Kommt beim Auseinanderziehen der Haare am Ansatz die Tierhaut zum Vorschein, handelt es sich um echtes Fell oder echten Pelz. Bei Kunstpelz ist dagegen eine gewebte Textilschicht zu sehen. Haare von echtem Pelz sind zudem sehr leicht beweglich. Wird leicht über den Pelz gepustet, legt sich das dicke Deckhaar bei echtem Fell zur Seite. Kunsthaar hingegen ist stabiler und unbeweglicher, oft gleich lang geschnitten und durch statische Aufladung etwas klebrig im Griff.
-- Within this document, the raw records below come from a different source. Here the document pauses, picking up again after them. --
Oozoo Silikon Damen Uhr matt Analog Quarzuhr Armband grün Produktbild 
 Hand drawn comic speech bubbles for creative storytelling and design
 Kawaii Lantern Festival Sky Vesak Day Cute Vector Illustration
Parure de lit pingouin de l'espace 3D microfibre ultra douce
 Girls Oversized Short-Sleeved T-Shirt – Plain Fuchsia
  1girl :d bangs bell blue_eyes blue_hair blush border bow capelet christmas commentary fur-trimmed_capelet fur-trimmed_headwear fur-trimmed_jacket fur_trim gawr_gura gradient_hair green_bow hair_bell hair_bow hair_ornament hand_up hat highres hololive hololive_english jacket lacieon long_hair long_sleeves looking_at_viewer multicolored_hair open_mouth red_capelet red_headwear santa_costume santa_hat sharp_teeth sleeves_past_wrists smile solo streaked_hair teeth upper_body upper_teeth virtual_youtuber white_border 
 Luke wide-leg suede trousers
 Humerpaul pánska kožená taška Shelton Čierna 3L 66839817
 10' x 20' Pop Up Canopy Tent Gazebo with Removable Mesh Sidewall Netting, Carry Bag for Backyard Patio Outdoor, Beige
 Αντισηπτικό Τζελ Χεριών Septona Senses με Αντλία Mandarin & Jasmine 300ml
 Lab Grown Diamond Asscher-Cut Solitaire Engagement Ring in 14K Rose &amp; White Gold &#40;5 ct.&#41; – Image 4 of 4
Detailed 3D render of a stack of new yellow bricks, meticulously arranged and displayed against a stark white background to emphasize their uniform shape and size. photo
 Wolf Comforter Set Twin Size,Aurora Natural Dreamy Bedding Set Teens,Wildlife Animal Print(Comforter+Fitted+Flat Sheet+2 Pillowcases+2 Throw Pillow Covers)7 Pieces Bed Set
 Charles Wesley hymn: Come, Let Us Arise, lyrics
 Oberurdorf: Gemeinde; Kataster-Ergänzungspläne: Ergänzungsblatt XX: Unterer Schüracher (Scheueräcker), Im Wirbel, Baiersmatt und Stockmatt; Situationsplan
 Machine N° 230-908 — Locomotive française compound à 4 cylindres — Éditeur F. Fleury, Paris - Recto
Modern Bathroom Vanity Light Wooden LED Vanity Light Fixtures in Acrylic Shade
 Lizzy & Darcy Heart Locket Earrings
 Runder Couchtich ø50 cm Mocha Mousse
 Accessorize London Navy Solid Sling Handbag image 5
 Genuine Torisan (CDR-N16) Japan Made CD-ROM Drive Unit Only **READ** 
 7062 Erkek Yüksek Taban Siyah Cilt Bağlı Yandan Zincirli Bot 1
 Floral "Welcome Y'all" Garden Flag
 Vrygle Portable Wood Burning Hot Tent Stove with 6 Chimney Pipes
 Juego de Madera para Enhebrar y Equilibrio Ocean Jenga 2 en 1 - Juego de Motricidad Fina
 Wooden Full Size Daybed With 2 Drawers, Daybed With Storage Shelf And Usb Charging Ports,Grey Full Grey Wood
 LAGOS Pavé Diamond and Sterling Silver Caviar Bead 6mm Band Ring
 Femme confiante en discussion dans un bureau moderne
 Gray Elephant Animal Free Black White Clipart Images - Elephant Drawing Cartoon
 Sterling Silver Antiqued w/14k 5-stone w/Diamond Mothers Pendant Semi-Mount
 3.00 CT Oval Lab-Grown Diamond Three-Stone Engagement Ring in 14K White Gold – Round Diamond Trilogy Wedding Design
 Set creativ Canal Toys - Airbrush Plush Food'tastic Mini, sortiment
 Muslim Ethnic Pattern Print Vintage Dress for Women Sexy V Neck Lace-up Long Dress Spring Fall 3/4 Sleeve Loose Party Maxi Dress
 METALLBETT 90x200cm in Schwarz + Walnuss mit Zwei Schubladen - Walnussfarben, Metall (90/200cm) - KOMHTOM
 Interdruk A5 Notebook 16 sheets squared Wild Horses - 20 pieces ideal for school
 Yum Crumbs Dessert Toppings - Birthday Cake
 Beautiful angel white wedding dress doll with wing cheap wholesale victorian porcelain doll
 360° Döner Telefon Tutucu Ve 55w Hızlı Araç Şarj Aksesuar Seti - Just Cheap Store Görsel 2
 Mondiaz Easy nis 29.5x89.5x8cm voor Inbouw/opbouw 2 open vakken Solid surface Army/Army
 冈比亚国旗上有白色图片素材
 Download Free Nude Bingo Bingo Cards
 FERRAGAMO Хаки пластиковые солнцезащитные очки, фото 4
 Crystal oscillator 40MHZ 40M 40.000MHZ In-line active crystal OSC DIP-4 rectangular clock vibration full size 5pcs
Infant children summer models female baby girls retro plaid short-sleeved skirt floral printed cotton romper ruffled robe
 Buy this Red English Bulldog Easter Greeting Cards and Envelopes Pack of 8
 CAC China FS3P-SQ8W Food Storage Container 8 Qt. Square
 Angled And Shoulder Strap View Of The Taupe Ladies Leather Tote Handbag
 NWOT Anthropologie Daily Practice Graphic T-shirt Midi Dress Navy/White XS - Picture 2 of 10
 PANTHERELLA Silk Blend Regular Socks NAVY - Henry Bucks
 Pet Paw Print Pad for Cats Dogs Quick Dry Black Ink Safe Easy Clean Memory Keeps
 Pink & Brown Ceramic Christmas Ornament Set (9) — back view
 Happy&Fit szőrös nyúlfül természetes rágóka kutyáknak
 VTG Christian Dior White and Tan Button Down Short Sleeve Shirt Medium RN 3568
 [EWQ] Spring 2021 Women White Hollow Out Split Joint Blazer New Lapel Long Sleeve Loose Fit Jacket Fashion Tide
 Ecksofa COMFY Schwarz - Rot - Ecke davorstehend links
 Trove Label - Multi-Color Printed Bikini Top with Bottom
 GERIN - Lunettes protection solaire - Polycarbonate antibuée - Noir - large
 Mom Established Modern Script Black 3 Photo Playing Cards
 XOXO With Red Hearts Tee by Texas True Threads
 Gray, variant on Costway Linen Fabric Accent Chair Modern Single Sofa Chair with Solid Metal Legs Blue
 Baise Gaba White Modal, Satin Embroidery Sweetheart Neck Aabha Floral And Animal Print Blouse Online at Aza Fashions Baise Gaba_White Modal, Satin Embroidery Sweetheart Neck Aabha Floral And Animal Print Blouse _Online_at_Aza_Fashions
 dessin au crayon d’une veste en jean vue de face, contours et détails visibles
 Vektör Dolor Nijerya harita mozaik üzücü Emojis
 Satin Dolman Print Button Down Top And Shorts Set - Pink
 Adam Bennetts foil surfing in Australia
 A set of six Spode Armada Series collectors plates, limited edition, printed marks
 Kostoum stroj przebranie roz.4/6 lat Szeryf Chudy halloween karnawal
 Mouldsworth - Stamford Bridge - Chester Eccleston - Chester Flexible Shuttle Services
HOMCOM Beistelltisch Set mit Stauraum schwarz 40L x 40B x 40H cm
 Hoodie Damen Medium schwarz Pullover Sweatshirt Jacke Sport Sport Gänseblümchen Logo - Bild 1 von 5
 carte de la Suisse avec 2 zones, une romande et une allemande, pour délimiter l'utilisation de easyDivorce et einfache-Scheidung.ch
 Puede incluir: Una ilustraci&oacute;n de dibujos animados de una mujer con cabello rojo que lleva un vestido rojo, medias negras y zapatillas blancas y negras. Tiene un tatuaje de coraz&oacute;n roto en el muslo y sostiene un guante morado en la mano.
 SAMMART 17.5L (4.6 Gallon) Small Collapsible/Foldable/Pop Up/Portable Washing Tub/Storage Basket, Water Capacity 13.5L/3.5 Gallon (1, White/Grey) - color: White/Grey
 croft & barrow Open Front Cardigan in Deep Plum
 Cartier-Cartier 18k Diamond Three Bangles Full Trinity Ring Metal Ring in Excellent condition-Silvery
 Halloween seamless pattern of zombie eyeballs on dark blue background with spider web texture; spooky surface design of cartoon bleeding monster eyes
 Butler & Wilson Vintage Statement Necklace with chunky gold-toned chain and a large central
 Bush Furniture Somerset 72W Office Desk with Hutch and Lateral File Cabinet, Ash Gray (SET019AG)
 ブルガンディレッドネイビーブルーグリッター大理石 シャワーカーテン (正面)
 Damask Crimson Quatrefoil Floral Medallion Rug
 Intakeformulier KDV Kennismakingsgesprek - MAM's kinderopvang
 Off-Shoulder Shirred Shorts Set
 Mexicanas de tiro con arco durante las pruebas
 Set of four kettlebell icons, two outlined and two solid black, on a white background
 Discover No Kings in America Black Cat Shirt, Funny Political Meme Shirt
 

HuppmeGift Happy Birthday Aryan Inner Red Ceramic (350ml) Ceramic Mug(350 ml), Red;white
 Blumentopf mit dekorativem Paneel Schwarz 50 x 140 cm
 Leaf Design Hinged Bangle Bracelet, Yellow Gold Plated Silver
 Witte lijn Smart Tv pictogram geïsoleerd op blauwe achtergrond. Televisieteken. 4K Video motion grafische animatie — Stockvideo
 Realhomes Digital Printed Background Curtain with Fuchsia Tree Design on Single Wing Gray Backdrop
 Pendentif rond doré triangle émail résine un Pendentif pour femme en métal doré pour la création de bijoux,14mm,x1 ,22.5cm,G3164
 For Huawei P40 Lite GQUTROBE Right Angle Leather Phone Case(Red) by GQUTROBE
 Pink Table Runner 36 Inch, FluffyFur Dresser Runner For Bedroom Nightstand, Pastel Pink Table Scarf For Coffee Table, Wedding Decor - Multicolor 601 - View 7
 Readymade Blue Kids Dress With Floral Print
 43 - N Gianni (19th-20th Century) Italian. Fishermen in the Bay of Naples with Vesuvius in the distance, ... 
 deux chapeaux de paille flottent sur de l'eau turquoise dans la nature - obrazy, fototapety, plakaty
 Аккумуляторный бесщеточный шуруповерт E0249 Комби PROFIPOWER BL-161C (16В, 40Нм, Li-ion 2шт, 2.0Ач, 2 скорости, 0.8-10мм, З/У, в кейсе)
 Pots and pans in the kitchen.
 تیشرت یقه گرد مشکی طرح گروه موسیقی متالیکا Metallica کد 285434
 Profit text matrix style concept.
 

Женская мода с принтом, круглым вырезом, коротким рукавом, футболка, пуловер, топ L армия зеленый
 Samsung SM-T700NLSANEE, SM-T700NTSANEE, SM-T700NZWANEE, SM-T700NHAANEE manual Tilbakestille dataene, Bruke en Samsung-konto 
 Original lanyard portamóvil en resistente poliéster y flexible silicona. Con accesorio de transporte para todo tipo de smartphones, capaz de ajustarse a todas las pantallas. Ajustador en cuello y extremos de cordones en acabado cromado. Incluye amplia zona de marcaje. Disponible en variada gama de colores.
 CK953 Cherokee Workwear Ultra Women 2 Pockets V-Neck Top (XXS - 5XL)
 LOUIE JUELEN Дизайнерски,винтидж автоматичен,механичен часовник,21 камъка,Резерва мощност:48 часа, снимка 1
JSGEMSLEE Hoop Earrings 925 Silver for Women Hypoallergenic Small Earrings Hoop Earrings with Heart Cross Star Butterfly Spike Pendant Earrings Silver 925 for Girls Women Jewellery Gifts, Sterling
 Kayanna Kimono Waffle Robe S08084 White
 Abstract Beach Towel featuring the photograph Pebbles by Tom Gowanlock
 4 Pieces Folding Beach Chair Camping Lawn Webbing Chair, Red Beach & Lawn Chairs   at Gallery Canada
Ein Problem im Pelzhandel sei der Billigmarkt in China. Kürzlich habe sie spaßeshalber auf der Einzelhandelsplattform Aliexpress geschaut: „Dort kriegt man Pelzmäntel für 285 Euro. Das wären bei mir nicht mal meine Arbeitsstunden.“ Wenn man nachhaltig sein wolle, dann gehe das gar nicht, sagt sie. 11 000 Euro kostet der teuerste Pelzmantel, der zurzeit in der Kürschner-Werkstatt hängt. Bis zu 40 Stunden Arbeitszeit steckt in den Mänteln. „Pelz an sich ist ein unglaublich langlebiges Material“, erzählt Martina Greggers. Gerade schneidert sie in ihrer Werkstatt an einem Mantel, der schon 17 Jahre alt ist: „Der schaut immer noch aus wie neu, das ist Nachhaltigkeit.“
Lange Lebensdauer
Zwar unterscheiden sich die Pelze in ihrer Lebensdauer, die meisten haben aber ein Verfallsdatum von 100 Jahren, dann erst werden sie porös und beginnen zu reißen. Viele der Kunden und Kundinnen, die Martina Hollmann Greggers in ihrer Werkstatt begrüßt, bringen alte Erbstücke von bereits verstorbenen Familienmitgliedern mit. Von Fuchs über Nerz bis hin zu Bisam hat sie schon alles verwerten können. Die Pelze liegen oftmals jahrelang in alten Kleiderschränken oder auf Dachböden herum. Ist der Pelz noch zu gebrauchen, verhilft die Kürschnerin den Angehörigen oftmals zu einem einzigartigen Andenken. Gerade erst war eine Kundin zu Besuch, die sich über ihre neue Kurzjacke mit Pelzeinsatz und Kapuze freute: „So halte ich meine Schwiegermutter doch toll in Ehren“, sagte sie.